1. activity, exercise, or a regimen that develops or improves a skill; training to act in accordance with rules

2. the rigor or training effect of experience, adversity, etc.

3. behavior in accord with rules of conduct; behavior and order maintained by training and control.


4. to bring to a state of order and obedience by training and control.

Discipline is one of those words that either causes your stomach to turn and your hair to stand on end or inspires a great sense of pride. Isn’t it interesting how a single word generates such contrasting reactions? The philosophies of love and hate, conflict between order and chaos, Newton’s third law of motion, captured in ten letters. As parents, it is one of the most important words in our vocabulary.

Every good dad wants to be Superman to their children. Be honest guys, watching your 5-year old awe at how high you can throw a baseball, being able to reach that game on the top shelf, or hearing the words “it’s OK, Daddy can fix it” super-charges our ego. Men thrive on swooping in to save the day. Having to punish the little boy who idolizes you can be quite antagonizing. Correction means pain, emotional, physical or both. Deep down, we worry that causing pain will topple our superhero status. We should not forget, however, Superman existed to punish criminals. At the very root of being a superhero is discipline.
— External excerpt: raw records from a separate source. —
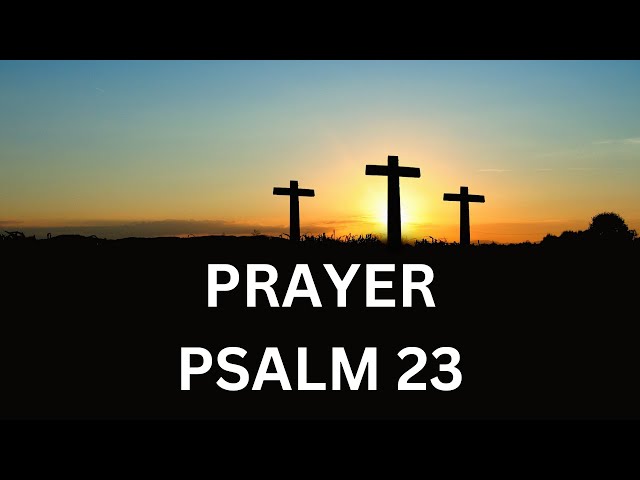 Prayer: PSALM 23: Prayer For Protection: Prayer For Spiritual Warfare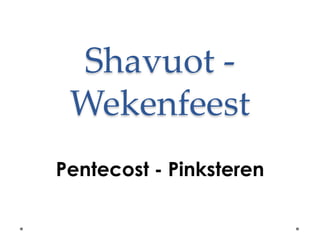 Shavuot -
 Wekenfeest
Pentecost - Pinksteren
 
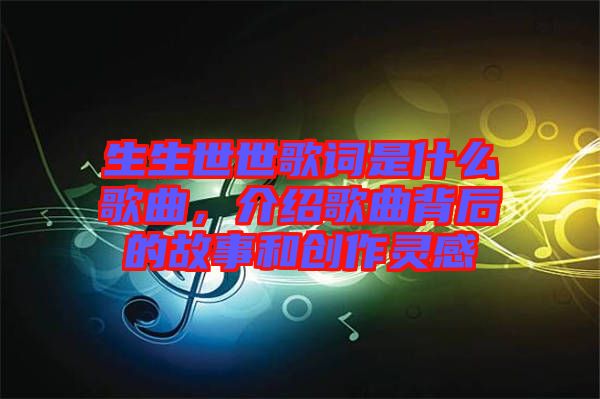 生生世世歌詞是什么歌曲，介紹歌曲背后的故事和創(chuàng)作靈感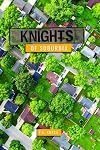 Knights of suburbia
So now what? We want superhero dad status, being a superhero means practicing and enforcing discipline, but pushing our children away still haunts us. Discipline is vital to teaching a child how to do life right and is executed as a cycle of setting expectations, accountability, and correction. First, set clear guidelines and boundaries, then make them known. Nothing screws with a child’s head more than being chastised for crossing a line they never knew existed. If you want to build an impervious wall between you and your children, make up rules on the fly and change them regularly. Second, consistency. Set your rules, let the kids know what the consequences are and stick to them. Though the kids won’t admit it, and they’re a stress cocktail served up by the DOT, concrete boundaries beget peace. The last rule of successful discipline, self-control. Don’t go overboard with your rules or your consequences. Spilling milk at the table does not warrant being grounded from TV for a week! Controlling yourself, self-discipline, keeps correction within the boundaries of redirection and not retribution while also protecting your own integrity. Without integrity your authority to enforce punishment disintegrates, flushing your influence down the toilet. Self control also tames your Superman complex, allowing your kids the freedom to screw up and reap the results. Sheltering children from all adversity is just as poisonous as failing to discipline them.

Consider the root word of ‘discipline’; disciple. What was it that motivated Jesus’s disciples to remain loyal? Riches? Mark 10:24-25 The disciples were amazed at his words. But Jesus said again, “Children, how hard it is to enter the kingdom of God!It is easier for a camel to go through the eye of a needle than for someone who is rich to enter the kingdom of God.” Obviously not money-driven. Power? Mark 10:31 But many who are first will be last and the last first. Nope. Fame, I mean these guys died 2000 years ago and we’re still talking about them! Matthew 10:22 You will be hated by everyone because of me, but the one who stands firm to the end will be saved. Not the kind of popularity I find attractive. So it’s not for the money, no tangible power to be obtained, definitely not a strategic move for winning a popularity contest, why would anyone want this? Simple, the security found in discipline.


Want to be your kids’ Superman? Show them how to do life right and keep them in line.